[Caption-style text data]
□ □ □ □
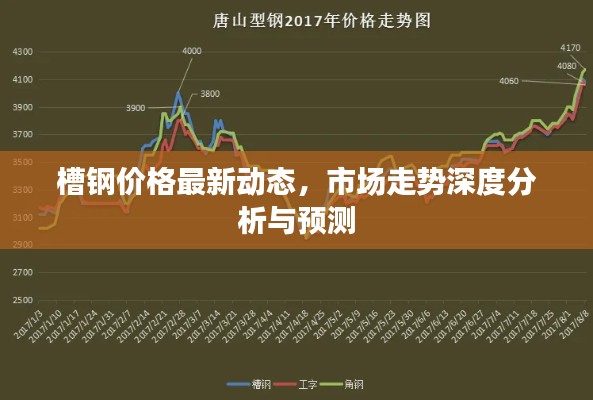 槽鋼價格最新動態(tài)，市場走勢深度分析與預測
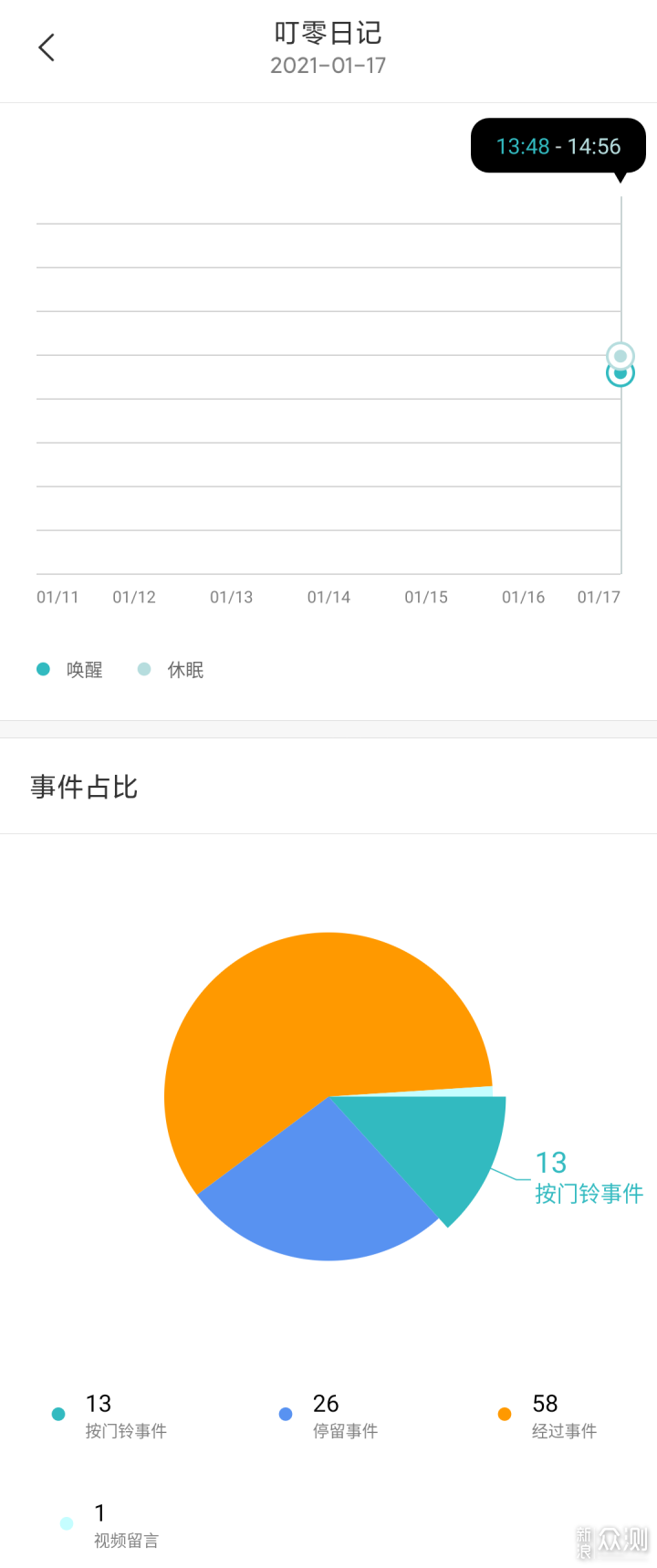 2k分辨率+内置电池的智能门铃来啦，接入米家_新浪众测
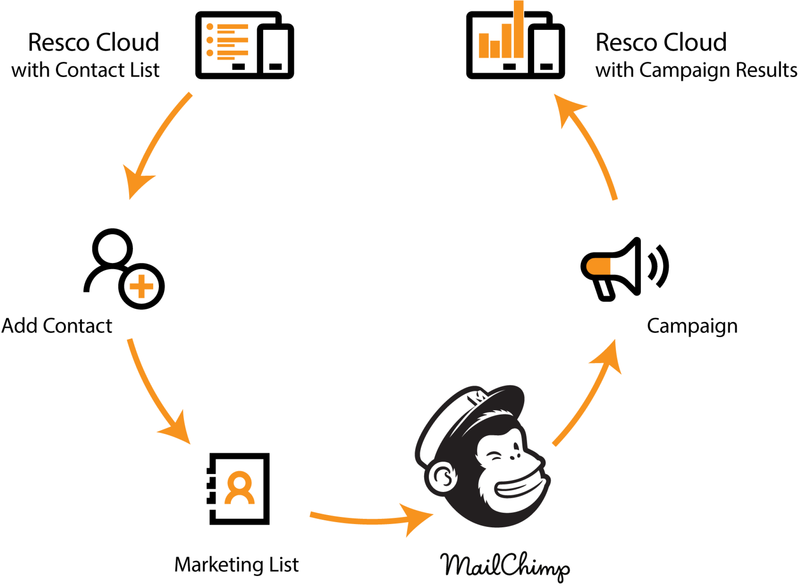 File:Marketing integration.png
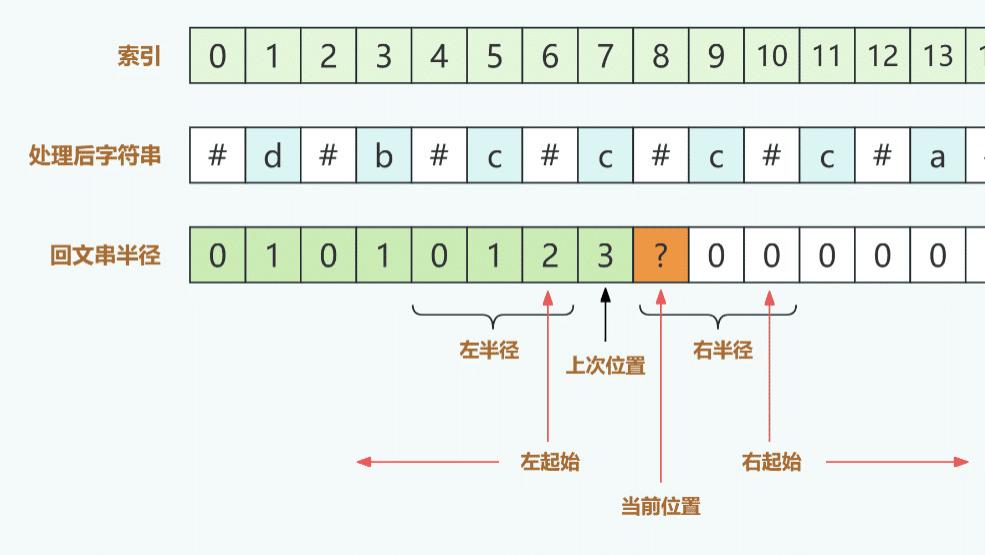 LeetCode题集-5-最长回文子串之马拉车（二）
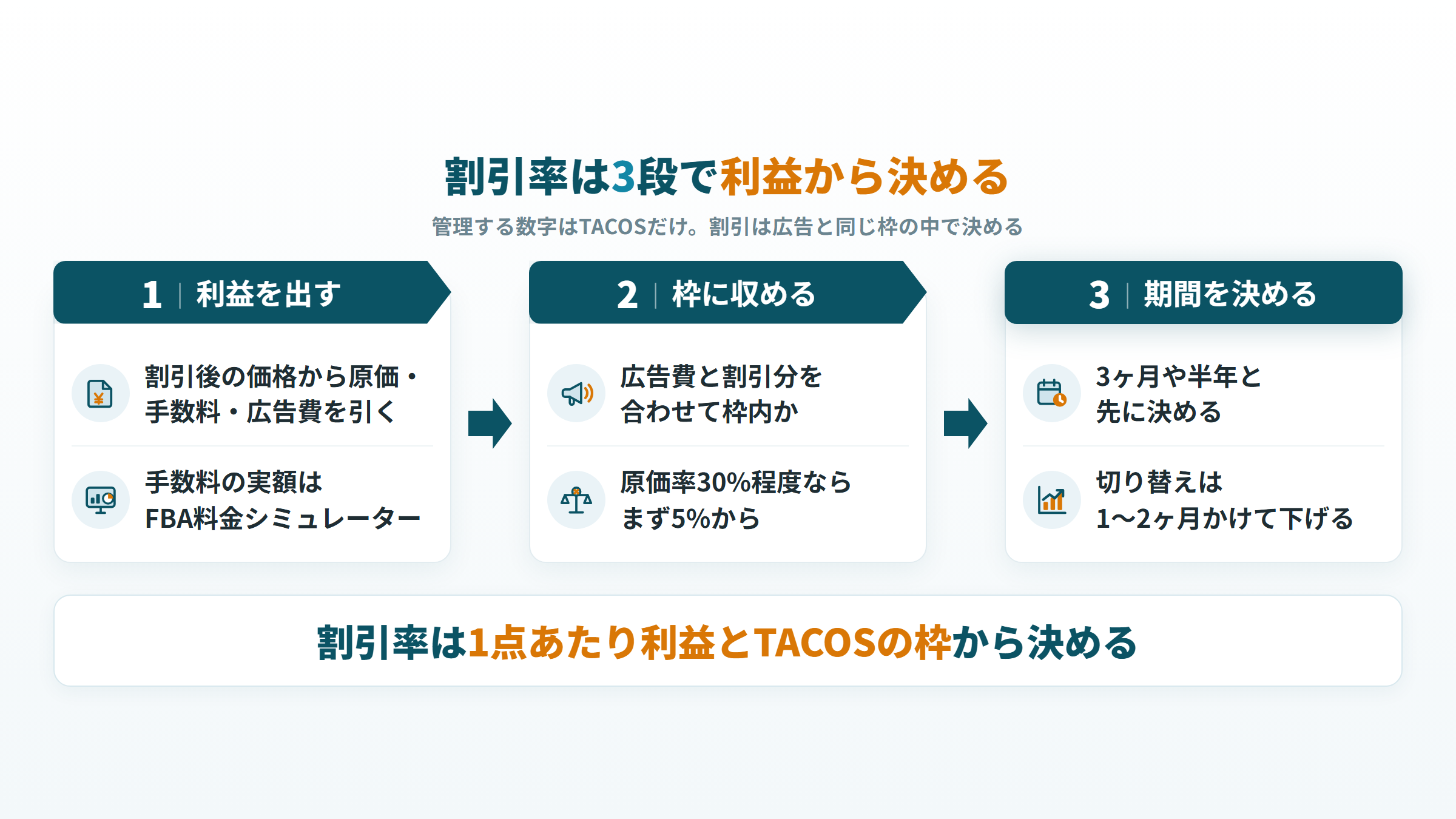 定期おトク便の割引率を1点あたり利益・TACOSの枠・期間の3段で決める流れ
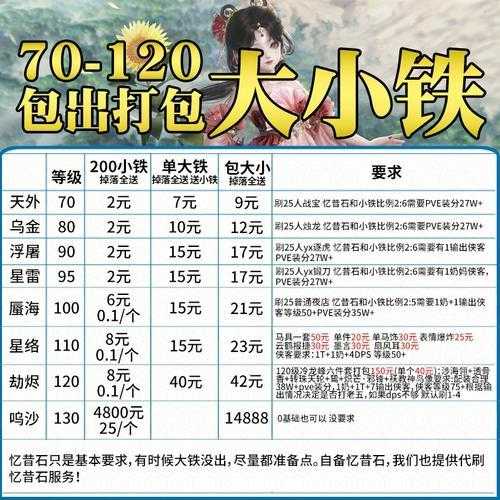 剑网3脚本代练日常必封号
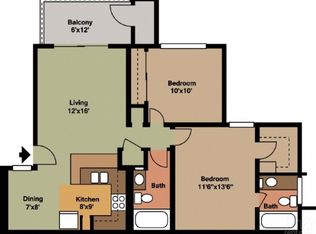 Park Villas Apartment Homes, Chino, CA 91710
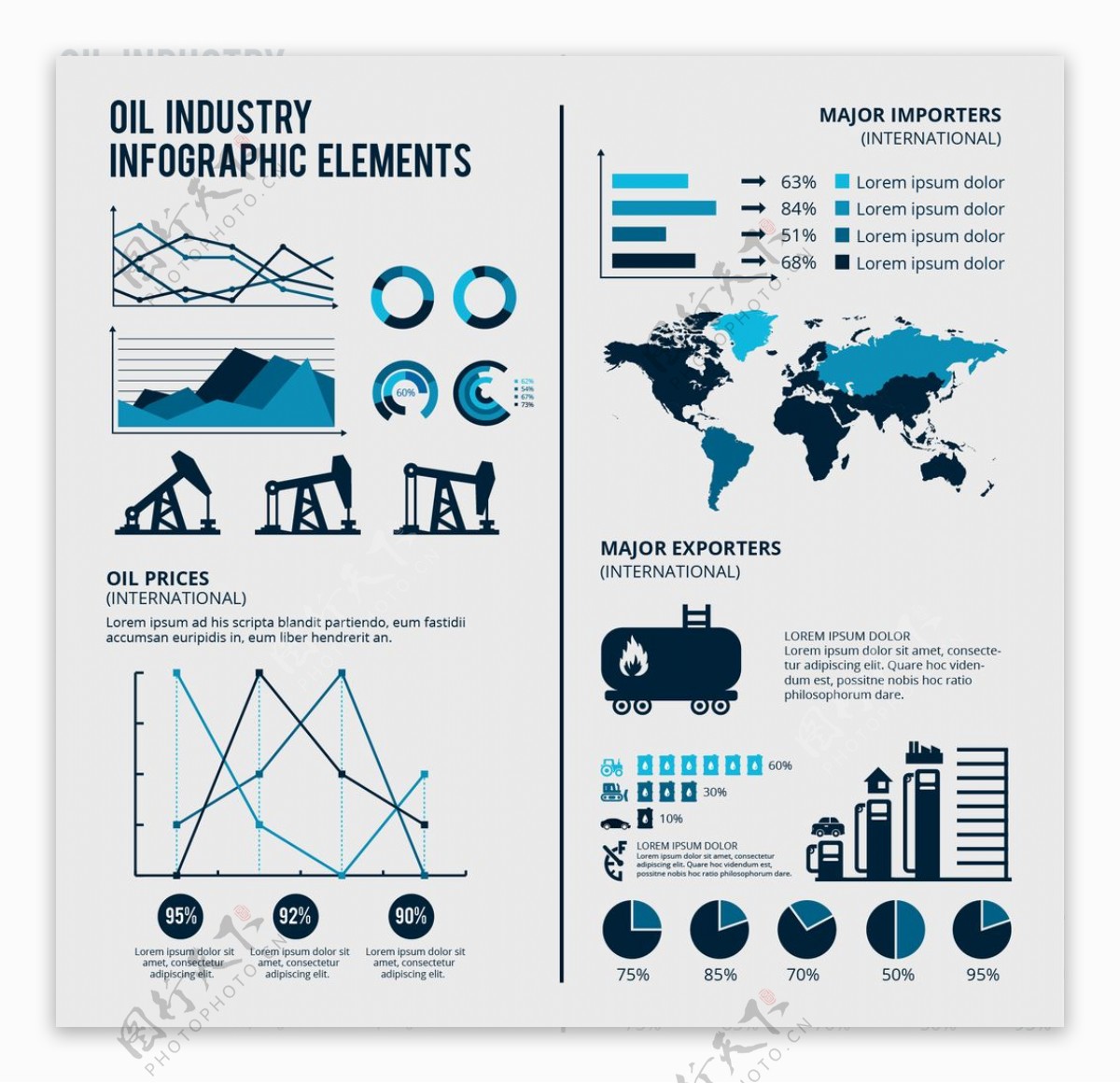 石油工业的信息图表
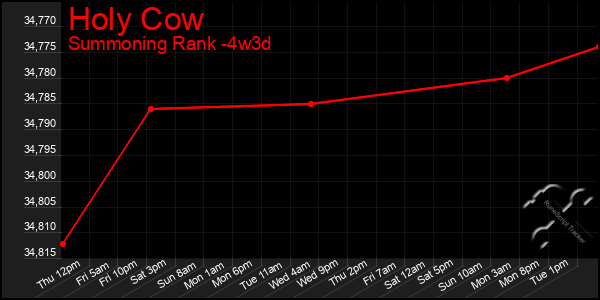 Last 31 Days Graph of Holy Cow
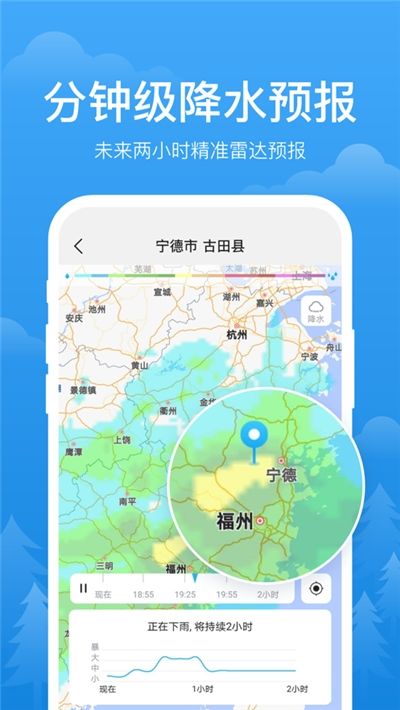 阳光天气预报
□ □ □ □
▶ Problem description
Reproduce each line of the records above, exactly and without pictures.

▶ Exercise answer
 槽鋼價格最新動態(tài)，市場走勢深度分析與預測
 2k分辨率+内置电池的智能门铃来啦，接入米家_新浪众测
 File:Marketing integration.png
 LeetCode题集-5-最长回文子串之马拉车（二）
 定期おトク便の割引率を1点あたり利益・TACOSの枠・期間の3段で決める流れ
 剑网3脚本代练日常必封号
 Park Villas Apartment Homes, Chino, CA 91710
 石油工业的信息图表
 Last 31 Days Graph of Holy Cow
 阳光天气预报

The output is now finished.